Re: [Fwd: ISSUE-63: White-Space Canonicalization of XML Literals]

Hi Ben!


On 11/13/07, Ben Adida <ben@adida.net> wrote:

> Manu said:
> > This means that we can (and should, IMHO) preserve all of the formatting
> > in the original document for XML Literals.
> >
> > Sorry for the previous post stating that we didn't have a choice, I had
> > not considered getting at the original document using XMLHTTPRequest.
>
> I think this breaks down if the page is the result of a POST. And you
> don't want to resubmit a POST, of course.

Very true.


> Having read the full thread, let me first write down what we agree on:
> plain literals should be canonicalized according to XPath
> normalize-space(), which is Mark's proposal.

Yes.

To be a little picky though, do we mean *plain literals* as in
non-typed (but possibly with language), or also e.g. xsd:string
literals? With plain literals I only see this as a feature (a very
reasonable one). But I think "formally" any typed literal should be
left untouched.. (or am I bringing back the entire problem?)

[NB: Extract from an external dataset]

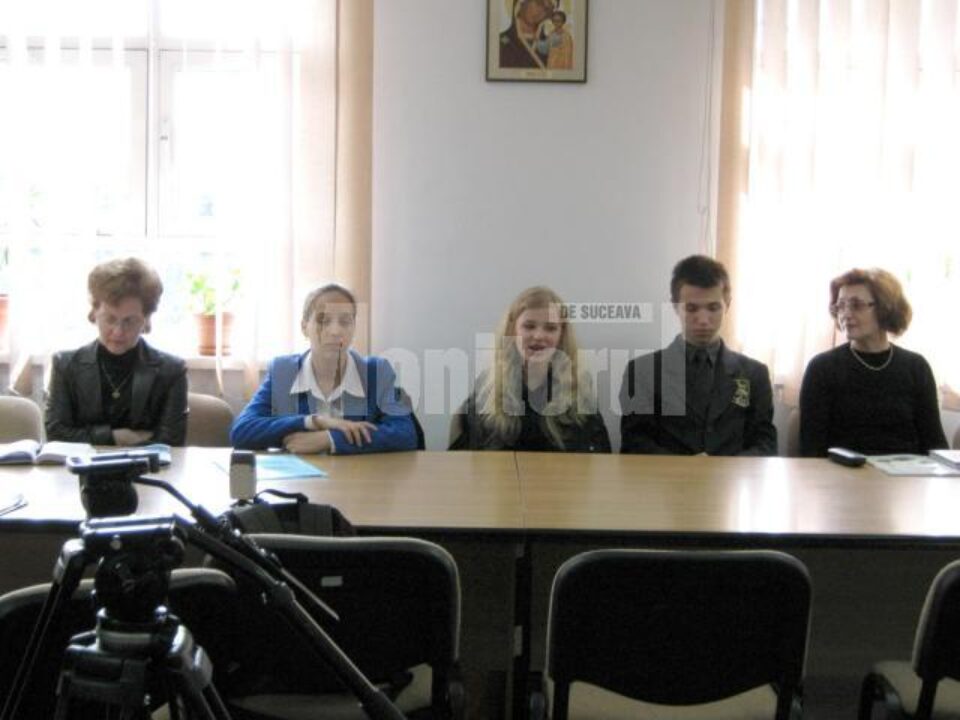 Olimpicii Andreea Cîmpan, Sabine Marie Țăranu și Mihai Cîrjă, alături de profesoarele Sextilia Crăciun și Domnica Oniga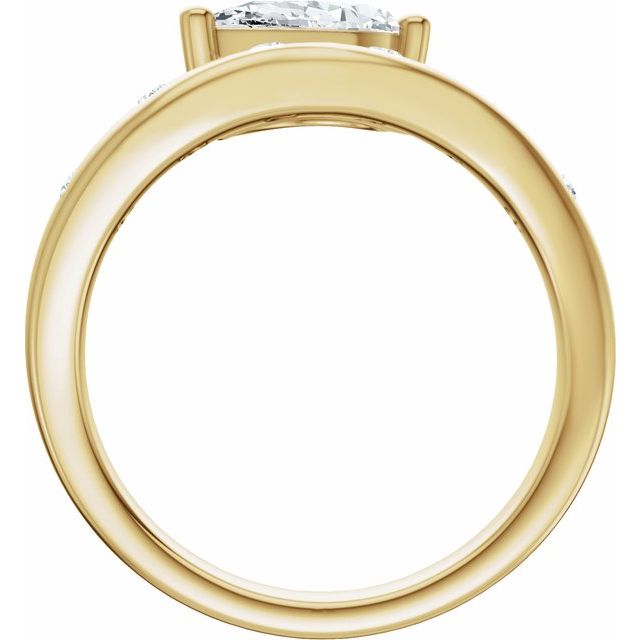Hart Engagement Ring - 10ct Yellow Gold - Diamond Spread 2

> Now, what to do with XMLLiterals. Here's my proposal, which is going to
> sound a lot like punting:
>
> "Where possible, an RDFa parser should preserve the exact white space
> and characters of the XML Literal. However, it is also acceptable for an
> RDFa parser to apply browser-based canonicalization."
>
> The assumption is that we're dealing with the host language here,
> XHTML1.1, and if an XML Literal is canonicalized in a way that preserves
> how it renders in XHTML, then who cares? I understand this may limit the
> round-trippiness of RDFa->RDF->RDFa, but that may simply be a limitation
> of what browsers and the DOM does in XHTML1.1.

Yes, I think this may be good enough.

Although I wonder if our problem isn't in fact that this only occurs
in non-*x*html-aware implementations. So the actual issue is with IE
only, since it doesn't properly handle the xhtml as xml. In practise,
isn't original whitespace available in all of Firefox, Safari and
Opera?

If so, client code running in IE is effectively an "HTML+RDFa" parser,
making it only partially capable of handling of "XHTML 1.1 + RDFa"
anyway. This is then mostly input to what can be required of such
"HTML + RDFa"-parsers, and shouldn't directly affect the current
goal.. Or am I missing something?

(That said, if someone wants to continue testing (I have no time right
now I'm afraid): if there is *any* way in IE to get the plain source
of the current page, resorting to IE+ActiveX-specific XML-components
may be another solution.. Or even trying what tricks like
<http://www.w3.org/MarkUp/2004/xhtml-faq#ie> can do..)


> I suppose this makes writing test cases problematic... I suspect we
> should write the tests to preserve white space and characters, and judge
> each browser canonicalization individually.

I agree.


Best regards,
Niklas

Received on Tuesday, 13 November 2007 20:13:06 UTC